Shannon Entropy Question in C# (but mainly an algebra question)

165 Views Asked by At

I'm looking at someone else's project (in c#) and there's an entropy calculation I don't understand. I haven't done any maths in ages and I've had to look up entropy and Log in pursuit of this, so I'm happy to have gotten this far but now I'm stuck.

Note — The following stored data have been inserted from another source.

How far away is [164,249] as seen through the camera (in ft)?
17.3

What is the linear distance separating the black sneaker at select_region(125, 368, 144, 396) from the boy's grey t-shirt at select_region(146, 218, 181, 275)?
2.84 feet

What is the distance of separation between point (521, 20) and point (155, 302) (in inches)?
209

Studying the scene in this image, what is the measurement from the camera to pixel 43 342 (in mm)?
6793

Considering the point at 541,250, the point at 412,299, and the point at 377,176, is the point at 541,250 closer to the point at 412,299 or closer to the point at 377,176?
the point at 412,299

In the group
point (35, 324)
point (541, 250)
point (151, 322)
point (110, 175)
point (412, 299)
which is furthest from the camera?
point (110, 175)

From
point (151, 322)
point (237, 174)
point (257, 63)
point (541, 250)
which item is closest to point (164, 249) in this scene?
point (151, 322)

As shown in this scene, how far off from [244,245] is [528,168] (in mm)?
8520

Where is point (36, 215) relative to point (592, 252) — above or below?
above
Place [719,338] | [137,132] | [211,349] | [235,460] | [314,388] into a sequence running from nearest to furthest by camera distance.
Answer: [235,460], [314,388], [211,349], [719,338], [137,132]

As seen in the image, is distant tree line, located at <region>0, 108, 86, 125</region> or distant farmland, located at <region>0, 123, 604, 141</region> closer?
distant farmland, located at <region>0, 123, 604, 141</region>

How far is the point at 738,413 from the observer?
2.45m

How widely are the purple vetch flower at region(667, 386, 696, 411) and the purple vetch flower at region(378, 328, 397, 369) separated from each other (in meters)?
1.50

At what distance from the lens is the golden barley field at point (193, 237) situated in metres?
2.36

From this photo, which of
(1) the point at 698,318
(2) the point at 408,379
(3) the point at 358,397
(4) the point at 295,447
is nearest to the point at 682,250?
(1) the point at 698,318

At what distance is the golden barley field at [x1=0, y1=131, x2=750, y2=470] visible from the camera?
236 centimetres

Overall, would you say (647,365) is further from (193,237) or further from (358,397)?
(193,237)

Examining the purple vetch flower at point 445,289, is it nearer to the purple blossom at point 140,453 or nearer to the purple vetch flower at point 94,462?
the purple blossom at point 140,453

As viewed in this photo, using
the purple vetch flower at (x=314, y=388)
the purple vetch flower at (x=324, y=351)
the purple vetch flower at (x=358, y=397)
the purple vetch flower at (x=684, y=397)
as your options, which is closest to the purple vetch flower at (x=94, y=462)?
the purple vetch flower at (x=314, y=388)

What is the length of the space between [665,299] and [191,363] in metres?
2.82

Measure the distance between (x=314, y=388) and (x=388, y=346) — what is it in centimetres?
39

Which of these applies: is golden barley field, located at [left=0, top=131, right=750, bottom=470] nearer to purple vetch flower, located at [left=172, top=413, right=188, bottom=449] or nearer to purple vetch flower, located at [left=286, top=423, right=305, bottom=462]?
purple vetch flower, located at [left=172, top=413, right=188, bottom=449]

The main body of the entropy calculation is as follows:

private float calculateEntropy() {
    float total = 0;
    float entropySum = 0;
    foreach (var module in this) {
        total += module.Prototype.Probability;
        entropySum += module.PLogP; 
    }
    return -1f / total * entropySum + Mathf.Log(total);
}

Further Information

The project contains a list of "modules", and each module has a different "probability" of attached to it. The "calculateEntropy" function calculates the entropy of these probabilities. There can be between 1 and 500 modules in the list, and each module can have a "Probability" ranging from 0.05 to 1. By the time we get to the equation at the bottom, "total" is the sum of these probabilities, and "entropySum" is the sum of PLogP for all modules. For avoidance of doubt, PLogP is defined elsewhere in the project as "Probability*(Ln(Probability))", or to give the actual code:

this.PLogP = this.Prototype.Probability * Mathf.Log(this.Prototype.Probability);

My question is about the last line of the calculateEntropy function.

As far as I can tell, this can be re-arranged slightly and expressed in the following way:

-Σ(P*Ln(P)) / Σ(P) + Ln(Σ(P))

The first part of this seems to be Shannon's entropy formula, as I've seen it elsewhere. The next bit (Σ(P)) is presumably needed because our probabilities don't equal 1, so we have to divide by whatever they actually equal. However, I don't know why we need the last expression on the end (Ln(Σ(P)). I think my problem is that I just don't know how to re-arrange the formula, but can anyone help?

I think I've included all the relevant info, but let me know if something's missing.

2

There are 2 best solutions below

3
On BEST ANSWER

tl;dr: Your original code's author does not normalize their probability distributions to sum to $1$.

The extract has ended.